Aldo MariaValli s’entretient ici avec Roberto de Mattei, et aborde, sur un ton équilibré, éclairé par la raison (on pourra difficilement l’accuser de complotisme) et toujours par la foi, de nombreux sujets liés de près ou de loin à la crise « épocale » déclenchée par la pandémie. Parmi les effets collatéraux de grand impact sur l’Eglise: le pontificat de François serait « cliniquement éteint ».

Le coronavirus et ses diverses conséquences sur la société, sur la situation politique italienne et mondiale, sur le pontificat de François. Un entretien approfondi avec le professeur Roberto de Mattei, historien de l’Église et des idées religieuses, président de la Fondation Lépante et directeur de Radici cristiane et de Corrispondenza romana.

Professeur, comment voyez-vous cette année 2020, l’année du coronavirus ?

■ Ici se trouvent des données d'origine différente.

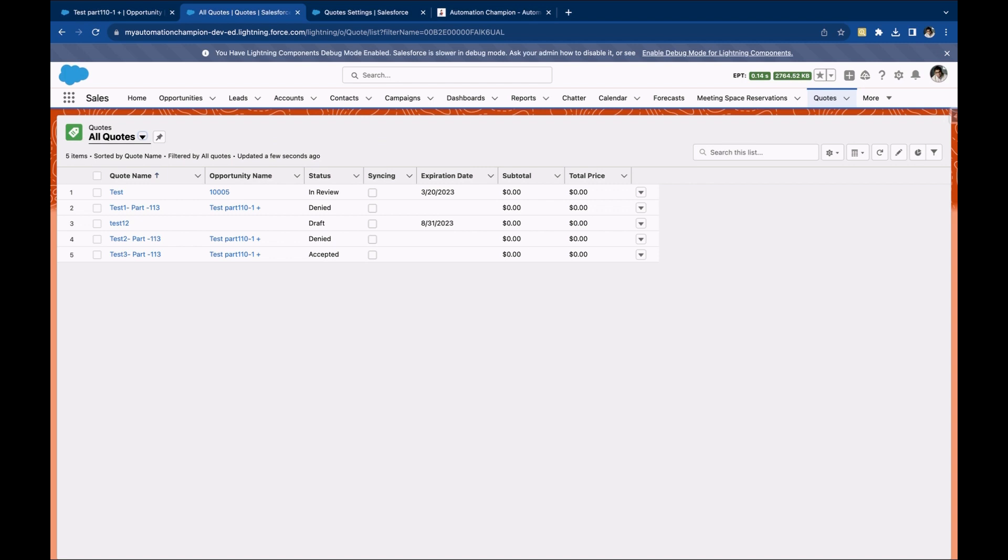There are some situations where you want to allow your reps to create a quote without an opportunity to fast speed quote creation process and close deals faster. In that case,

Comme l’année d’un grand tournant. Limitons-nous à un exemple : les voyages du Pape. Tous les voyages du pape François ont été suspendus, de celui en Argentine, où il devait rencontrer le nouveau président Alberto Fernandez, à celui, non encore programmé, à Pékin, pour célébrer l’accord avec le régime communiste chinois. Ces voyages ont joué un rôle décisif dans la stratégie de communication du pape François, qui en sept ans en a effectué 31 dans 49 pays différents : des voyages exigeants, à forte portée symbolique comme ceux effectués sur l’île de Lesbos, ou à Abu Dhabi. Au cours de ses voyages, des phrases qui sont entrées dans l’histoire ont été prononcées, comme le fameux « Qui suis-je pour juger? » Aujourd’hui, l’Office des voyages papaux a même été fermé et aucun nouveau voyage du pape n’est prévu avant 2022. D’autre part, la place Saint-Pierre est vide, et ni les images télévisées du pape François, ni ses livres et ses interviews n’attirent plus l’opinion publique. Le coronavirus a donné le coup de grâce à son pontificat, déjà en crise. Quelle que soit l’origine du virus, ce fut l’une de ses principales conséquences. Pour utiliser une métaphore, le pontificat de François me semble cliniquement éteint.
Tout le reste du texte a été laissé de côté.